*Goal of the exercise*
When you reach the line that contains "Tajalin crab", set down that line and every one after it through the end of the records, exactly as written and with no pictures.

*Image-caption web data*
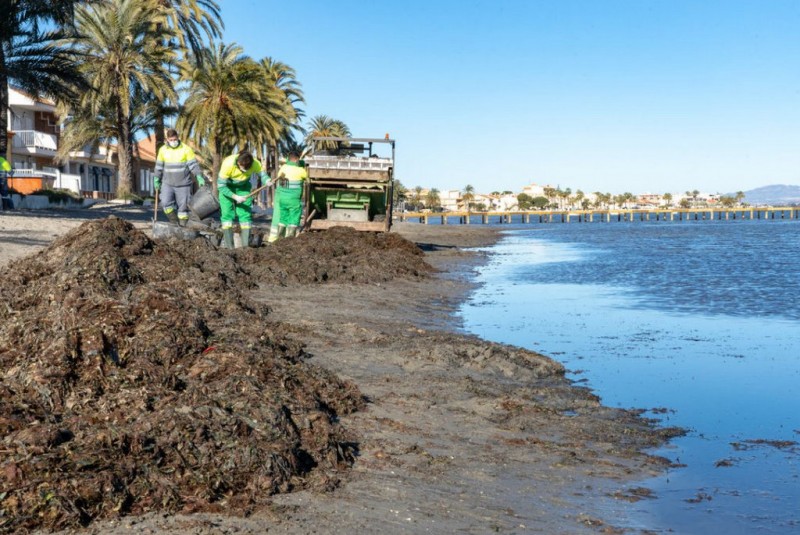 <span style='color:#780948'>ARCHIVED</span> - Sea grass and algae being cleared from Mar Menor beaches again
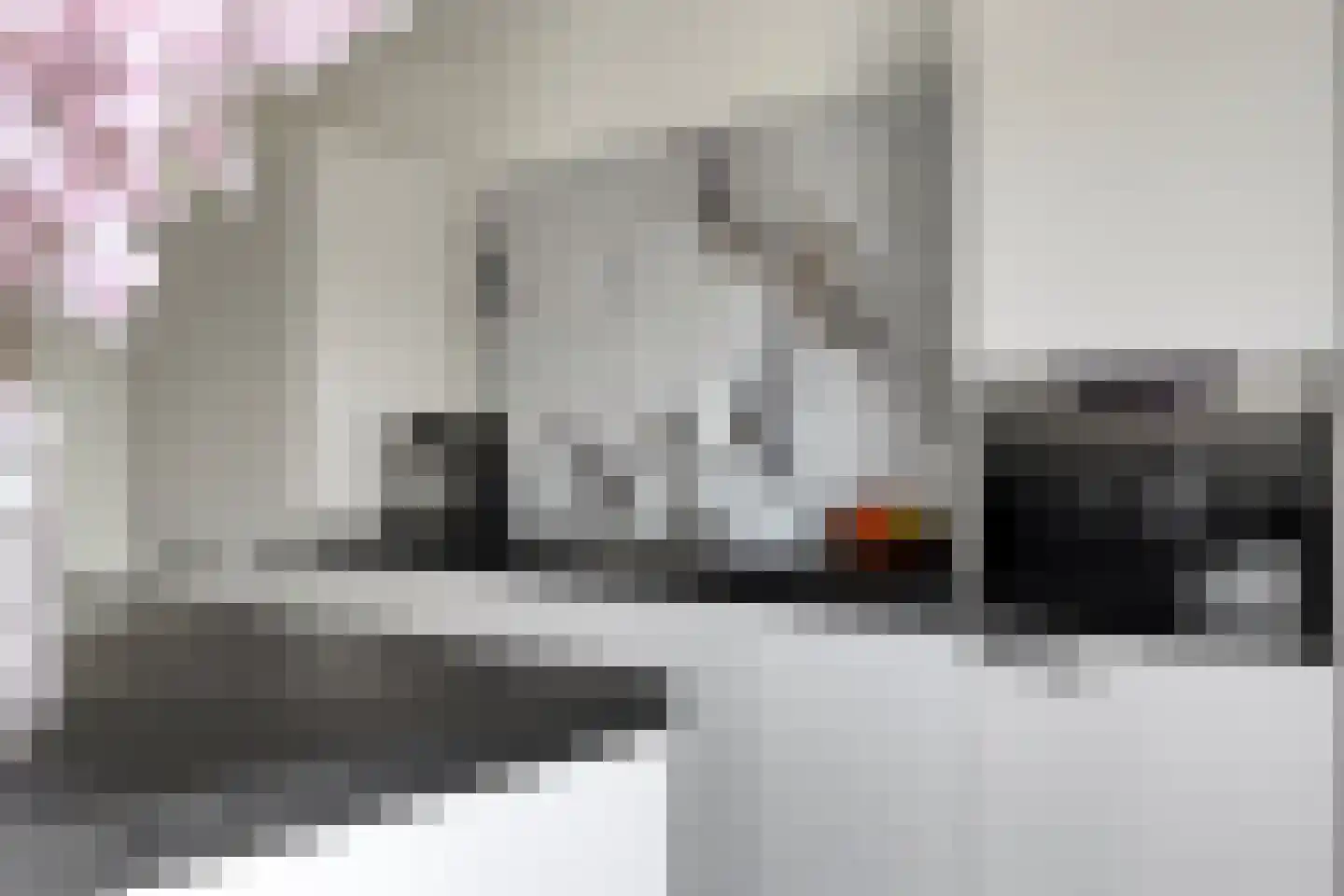 Poelsnip 11 Bedum thumbnail 17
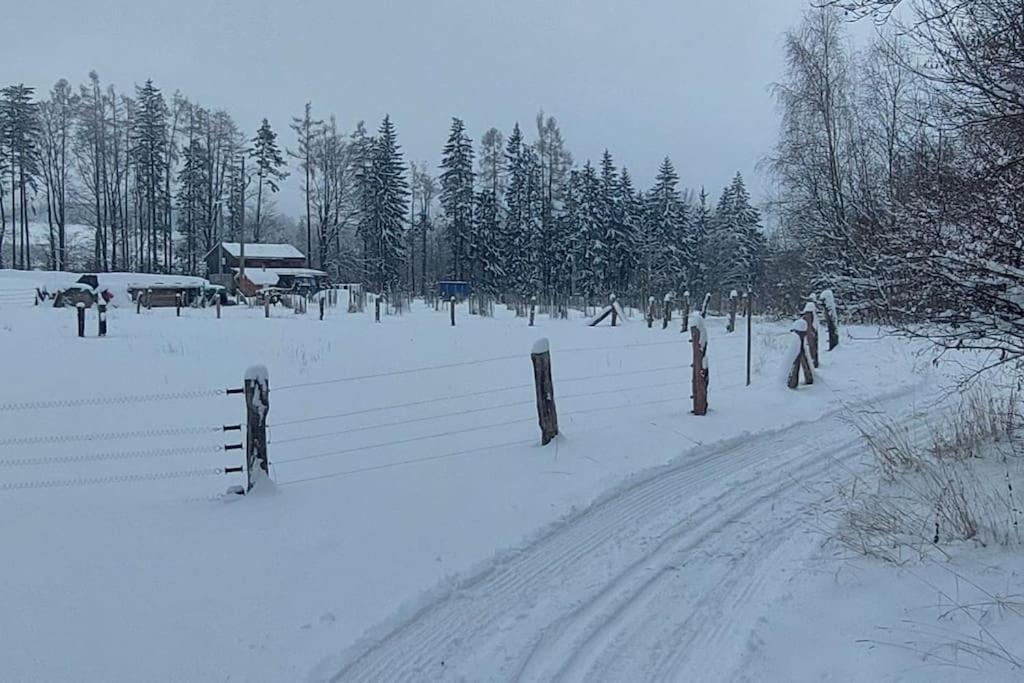 CHALET BORŮVKA - biofarma na samotě v lesích Benesov  Exterior foto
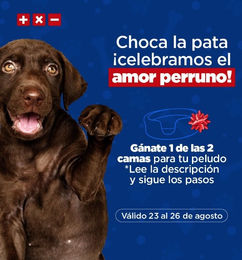 Ofertas de Participa en el concurso Amor Perruno de Mas X Menos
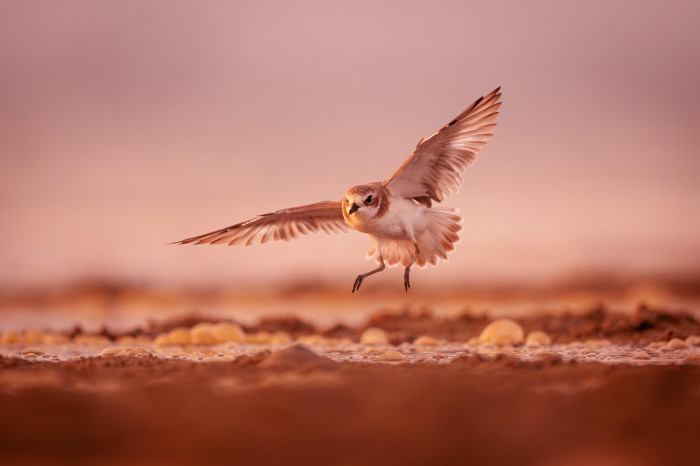 Can Birds Lower Their Body Temperature?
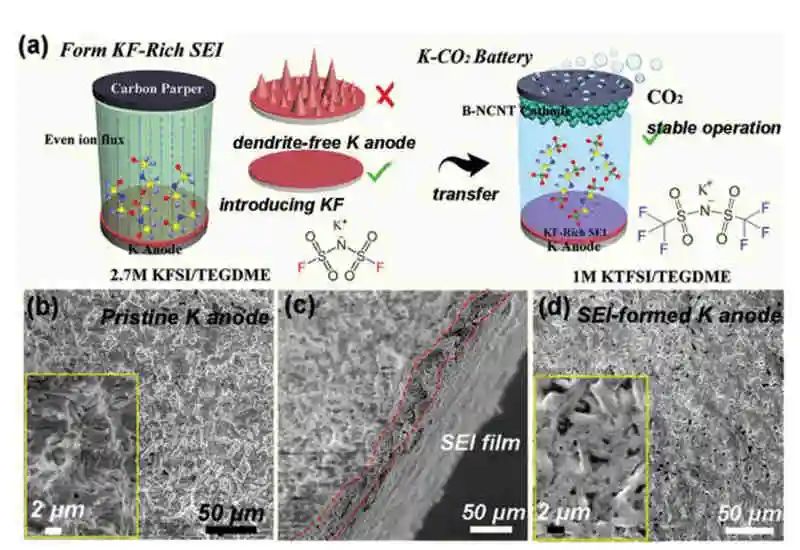 電子科大王斌AFM：人工固體電解質(zhì)界面和竹節(jié)狀摻氮碳納米管實(shí)現(xiàn)高可充K-CO2電池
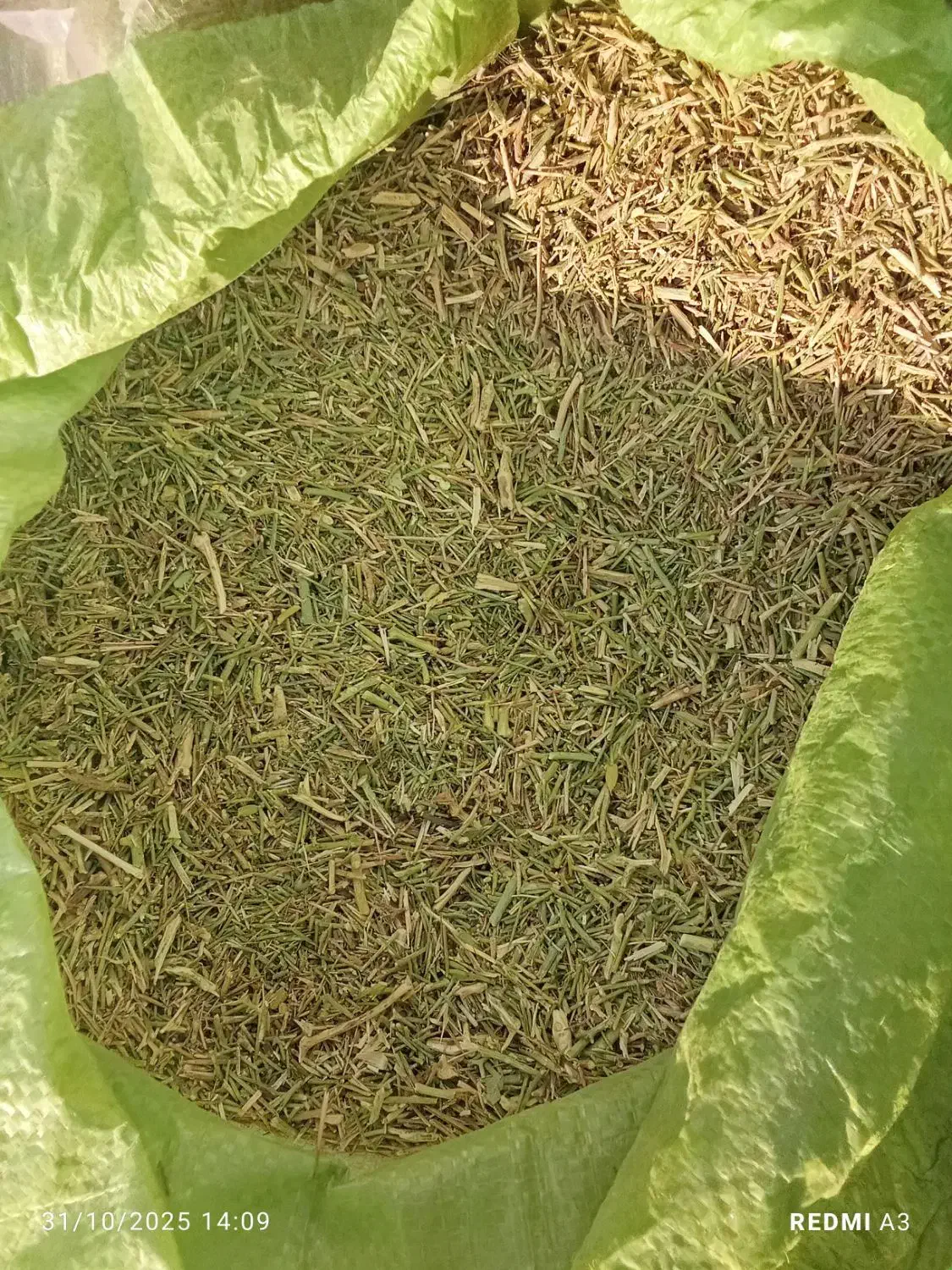 خار|لوازم جانبی حیوانات|میان جلگه, |دیوار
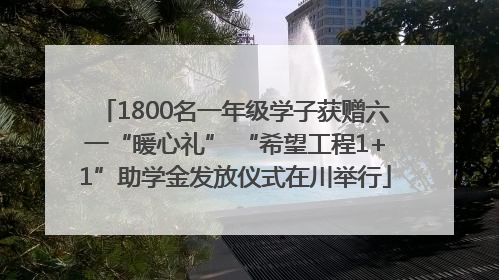 1800名一年级学子获赠六一“暖心礼” “希望工程1+1”助学金发放仪式在川举行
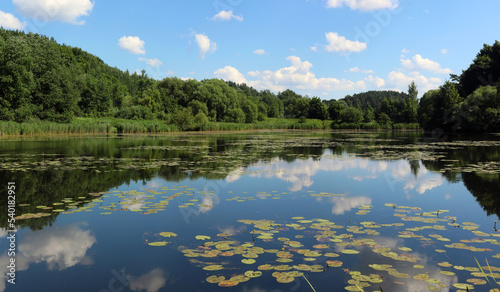 Typical Lithuanian summer landscape - a lake with water lily flowers and a forest on the shore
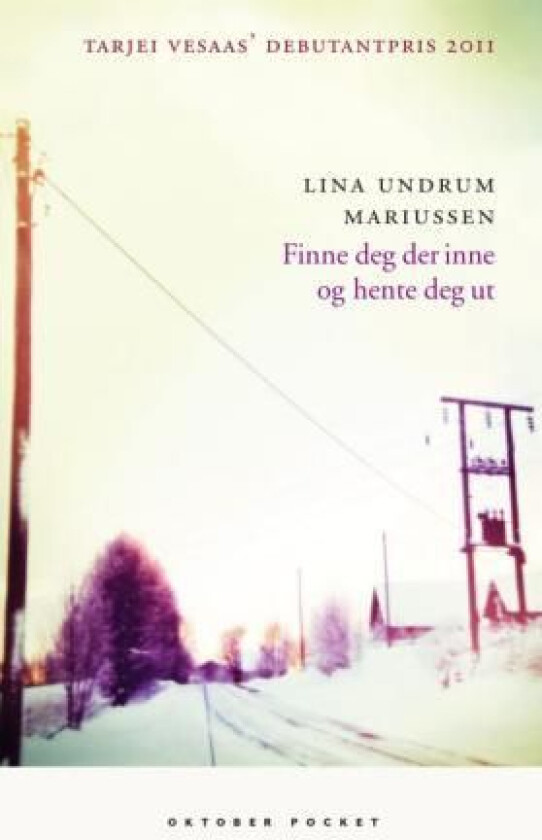 Finne deg der inne og hente deg ut av Lina Undrum Mariussen
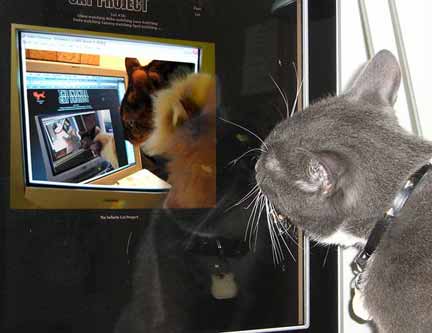 Torin the cat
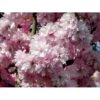Japansk Kirsebær 'Kanzan' Prunus Serrulata 'Kanzan' Solitær Busk 150-200 Cm. - Med Klump -Plantetorvet mi2032 prunus serrulata kanzan 83e1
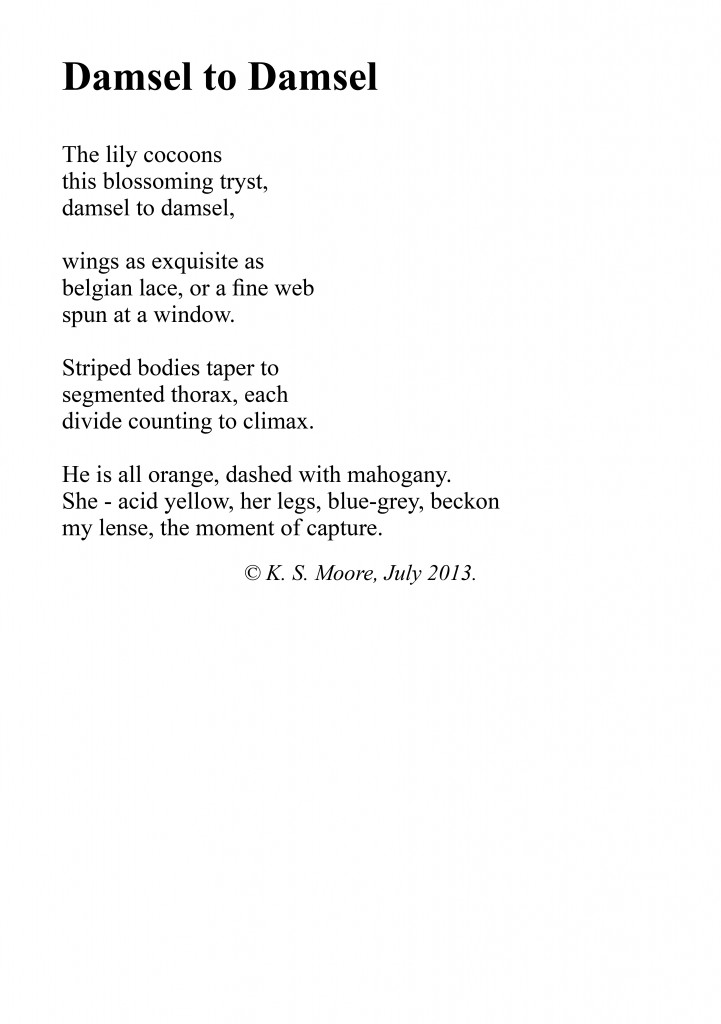 'Damsel to Damsel', a poem written by K. S. Moore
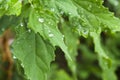 Chenopodium album leaves Royalty Free Stock Photo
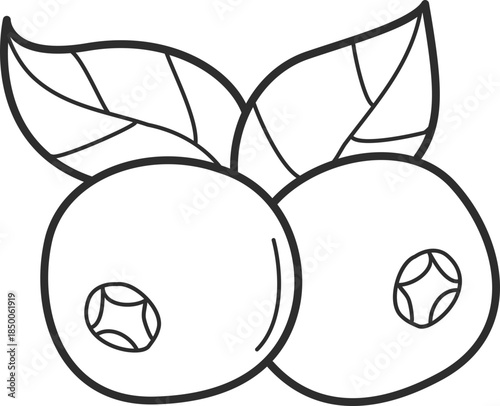 outline illustration of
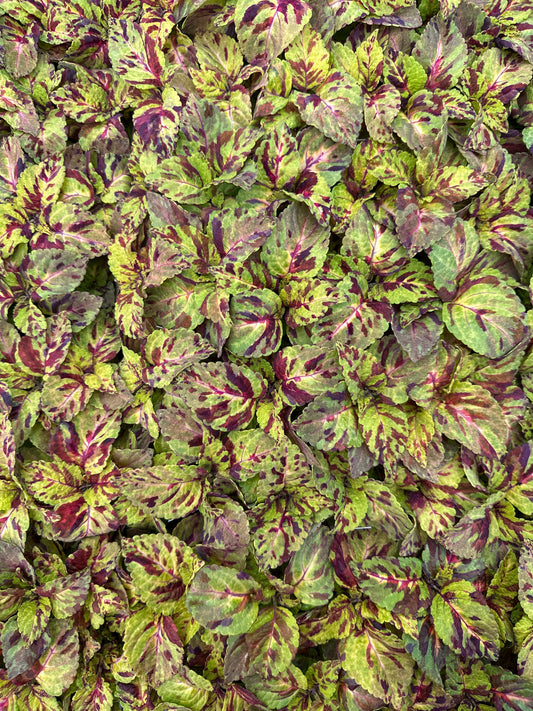 COLEUS WIZARD MOSAIC - FLAT OF 48 PLANTS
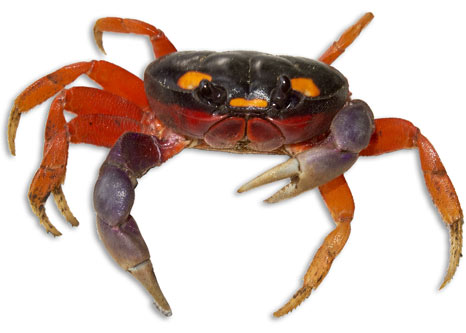 Tajalin crab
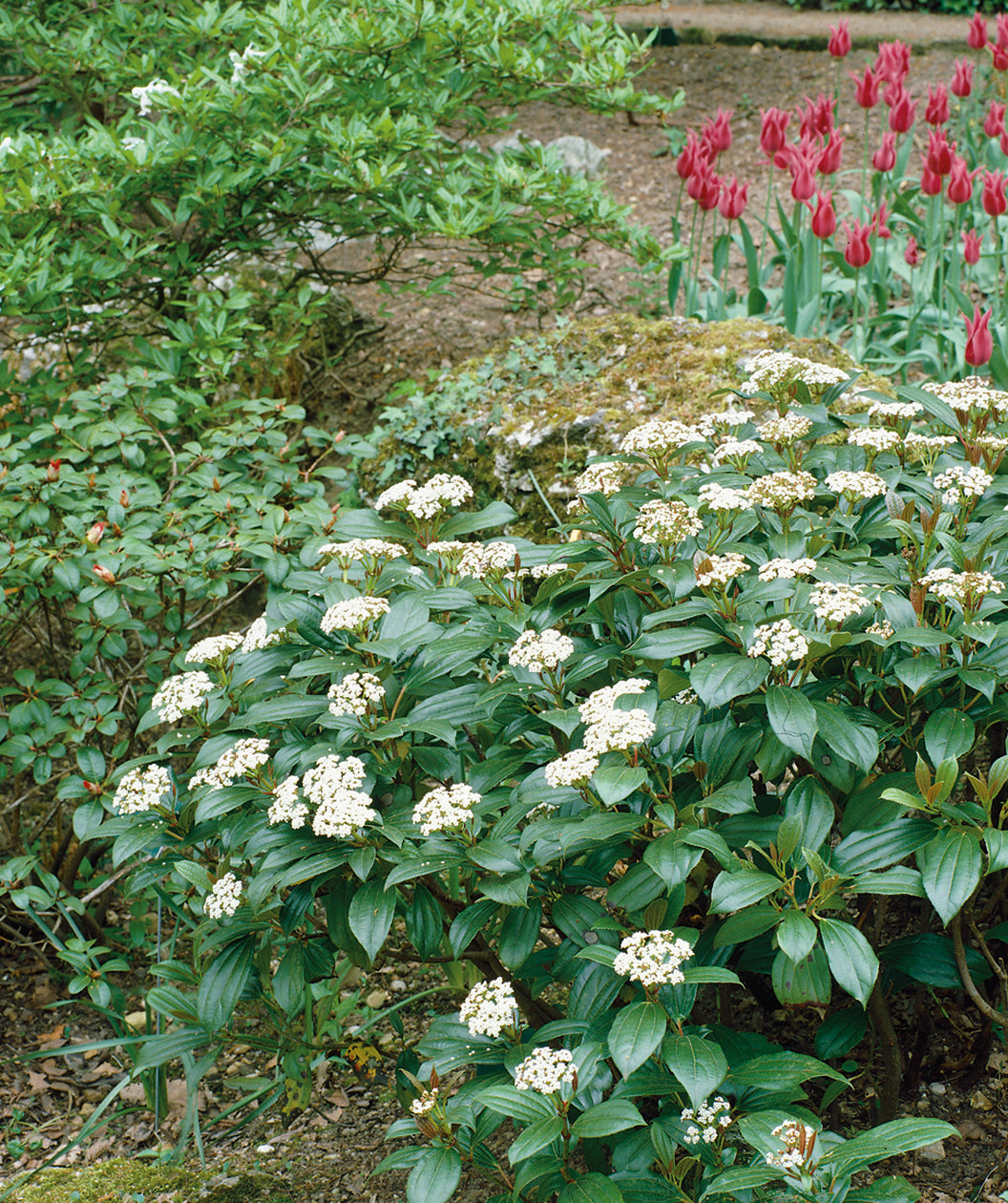 David Viburnum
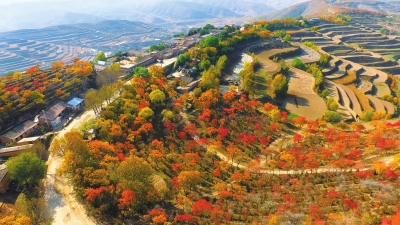 定西安定区车道岭秋景（图）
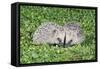 Hedgehog 2 Young Animals on Garden Lawn-null-Framed Stretched Canvas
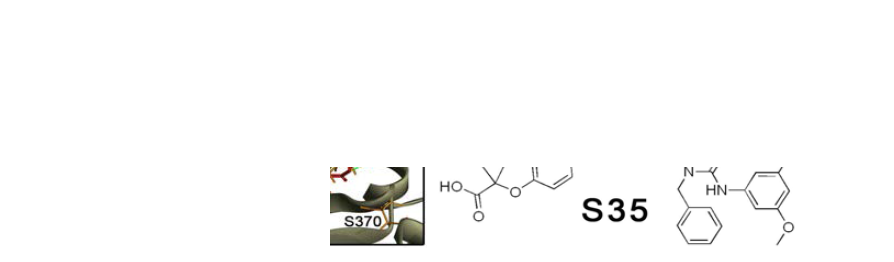 Docking simulation에 기초한 구조적 확장을 통하 여 새롭게 얻어진 선도물질 R35 및 S35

*Solution to this exercise*
 Tajalin crab
 David Viburnum
 定西安定区车道岭秋景（图）
 Hedgehog 2 Young Animals on Garden Lawn-null-Framed Stretched Canvas
 Docking simulation에 기초한 구조적 확장을 통하 여 새롭게 얻어진 선도물질 R35 및 S35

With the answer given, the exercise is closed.